For the data below, restate word for word only the lines from the line containing "We have this CEL" through the line containing "Welcome to episode", both ends included.

Entries supplied>

═══

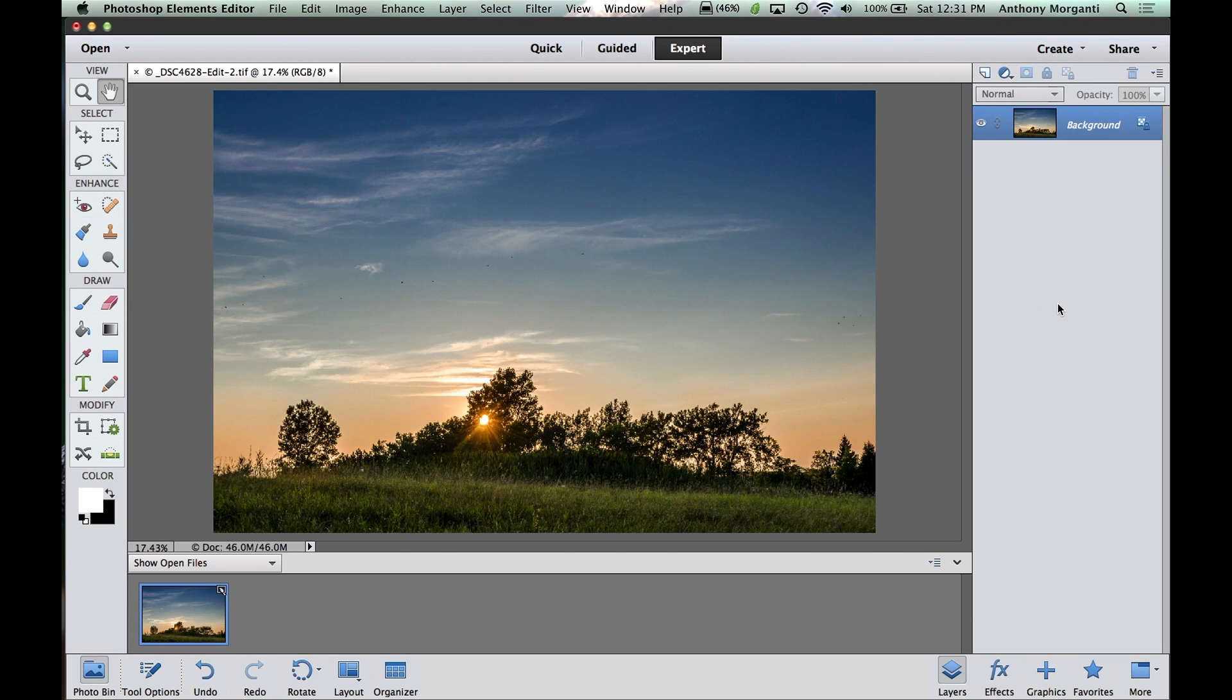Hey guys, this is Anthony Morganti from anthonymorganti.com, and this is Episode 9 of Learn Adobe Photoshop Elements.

═══

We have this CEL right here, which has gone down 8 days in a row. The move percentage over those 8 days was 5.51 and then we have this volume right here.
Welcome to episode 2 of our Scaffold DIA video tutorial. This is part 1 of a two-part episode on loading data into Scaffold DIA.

═══

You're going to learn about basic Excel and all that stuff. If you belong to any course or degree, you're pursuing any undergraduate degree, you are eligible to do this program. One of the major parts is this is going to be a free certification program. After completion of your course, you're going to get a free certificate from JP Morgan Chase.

═══

Solution for this task>
We have this CEL right here, which has gone down 8 days in a row. The move percentage over those 8 days was 5.51 and then we have this volume right here.
Welcome to episode 2 of our Scaffold DIA video tutorial. This is part 1 of a two-part episode on loading data into Scaffold DIA.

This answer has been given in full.